• Problem details
Quote exactly, and only, the lines of the material below from the line with "Deep Watch Glasses" through the line with "Cohiba Short 88 Year of the Dragon".

• Given records
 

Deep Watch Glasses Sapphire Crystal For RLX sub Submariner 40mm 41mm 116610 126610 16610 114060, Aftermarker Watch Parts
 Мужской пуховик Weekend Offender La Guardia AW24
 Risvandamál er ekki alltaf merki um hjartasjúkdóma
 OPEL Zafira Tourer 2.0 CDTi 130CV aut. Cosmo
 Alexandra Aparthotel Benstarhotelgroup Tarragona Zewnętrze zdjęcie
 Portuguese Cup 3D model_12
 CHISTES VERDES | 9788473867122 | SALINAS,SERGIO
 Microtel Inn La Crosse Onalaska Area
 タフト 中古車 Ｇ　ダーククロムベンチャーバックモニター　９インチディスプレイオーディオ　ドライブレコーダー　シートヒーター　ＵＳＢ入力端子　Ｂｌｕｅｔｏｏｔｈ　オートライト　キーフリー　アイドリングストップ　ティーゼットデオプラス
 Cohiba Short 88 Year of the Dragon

* * *

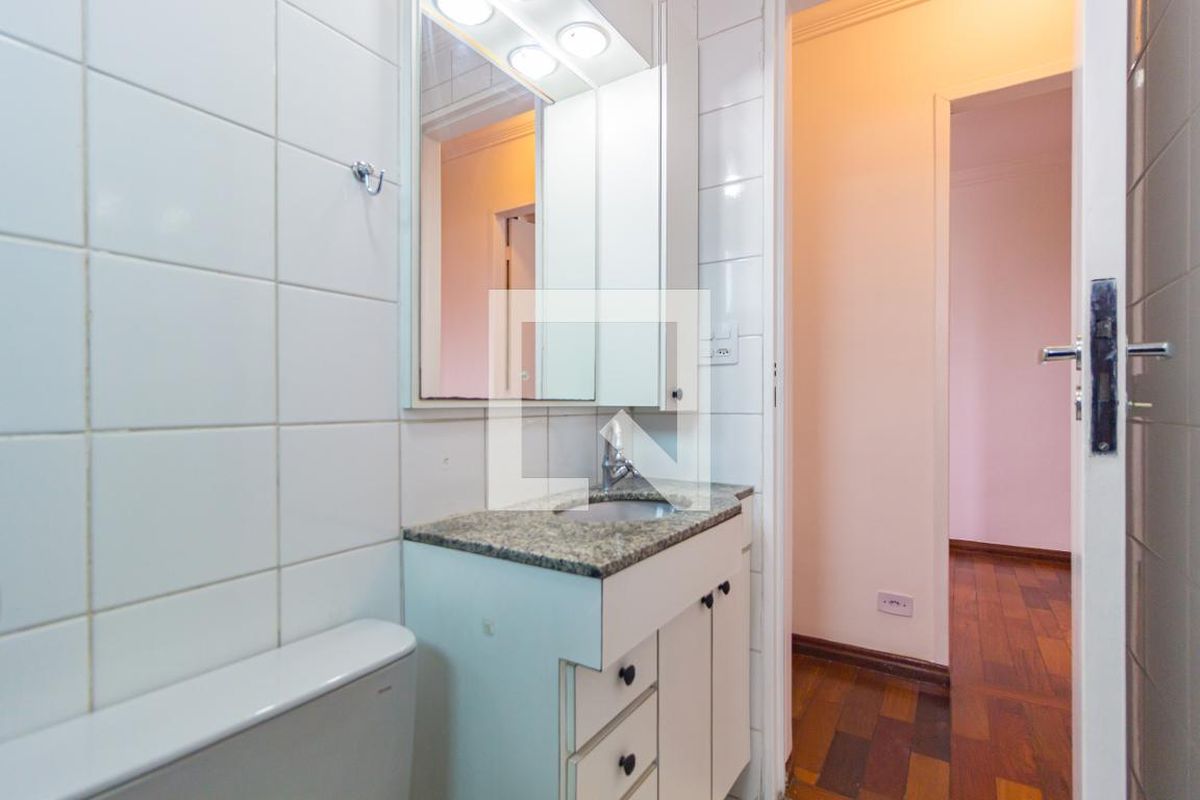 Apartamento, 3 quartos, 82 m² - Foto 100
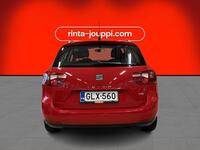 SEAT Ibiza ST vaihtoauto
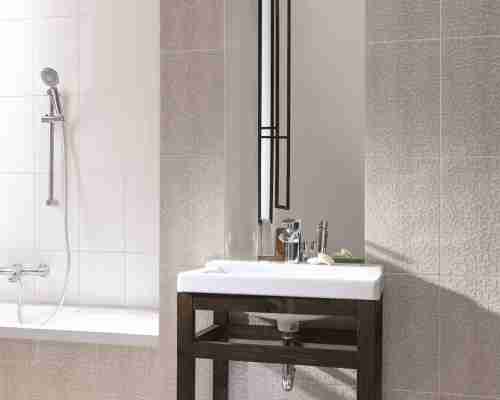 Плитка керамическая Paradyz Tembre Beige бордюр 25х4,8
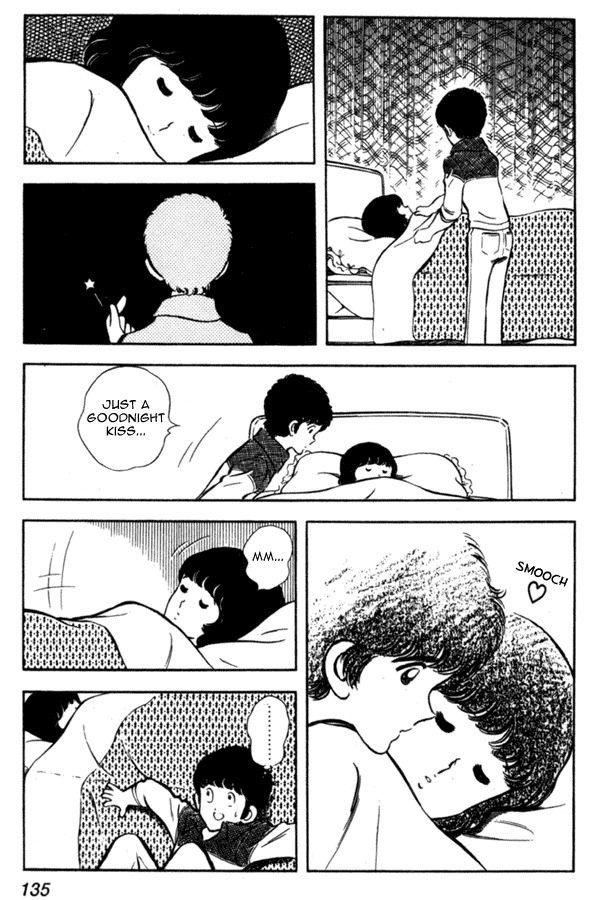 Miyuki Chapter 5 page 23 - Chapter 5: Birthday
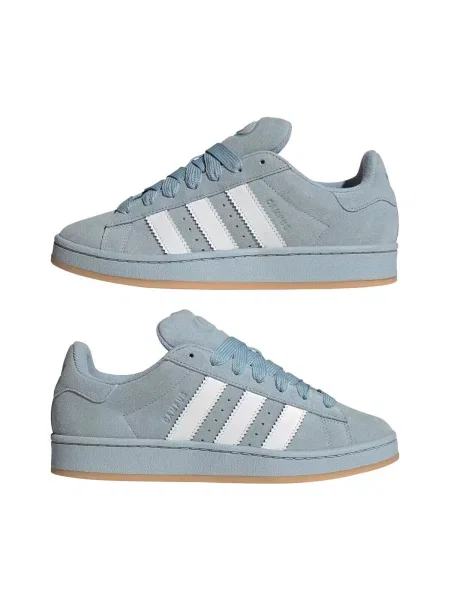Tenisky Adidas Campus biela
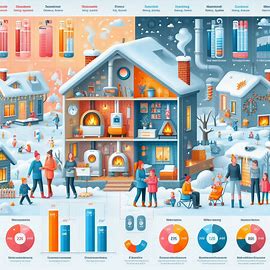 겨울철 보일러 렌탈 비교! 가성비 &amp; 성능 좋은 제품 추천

• Task output
Deep Watch Glasses Sapphire Crystal For RLX sub Submariner 40mm 41mm 116610 126610 16610 114060, Aftermarker Watch Parts
 Мужской пуховик Weekend Offender La Guardia AW24
 Risvandamál er ekki alltaf merki um hjartasjúkdóma
 OPEL Zafira Tourer 2.0 CDTi 130CV aut. Cosmo
 Alexandra Aparthotel Benstarhotelgroup Tarragona Zewnętrze zdjęcie
 Portuguese Cup 3D model_12
 CHISTES VERDES | 9788473867122 | SALINAS,SERGIO
 Microtel Inn La Crosse Onalaska Area
 タフト 中古車 Ｇ　ダーククロムベンチャーバックモニター　９インチディスプレイオーディオ　ドライブレコーダー　シートヒーター　ＵＳＢ入力端子　Ｂｌｕｅｔｏｏｔｈ　オートライト　キーフリー　アイドリングストップ　ティーゼットデオプラス
 Cohiba Short 88 Year of the Dragon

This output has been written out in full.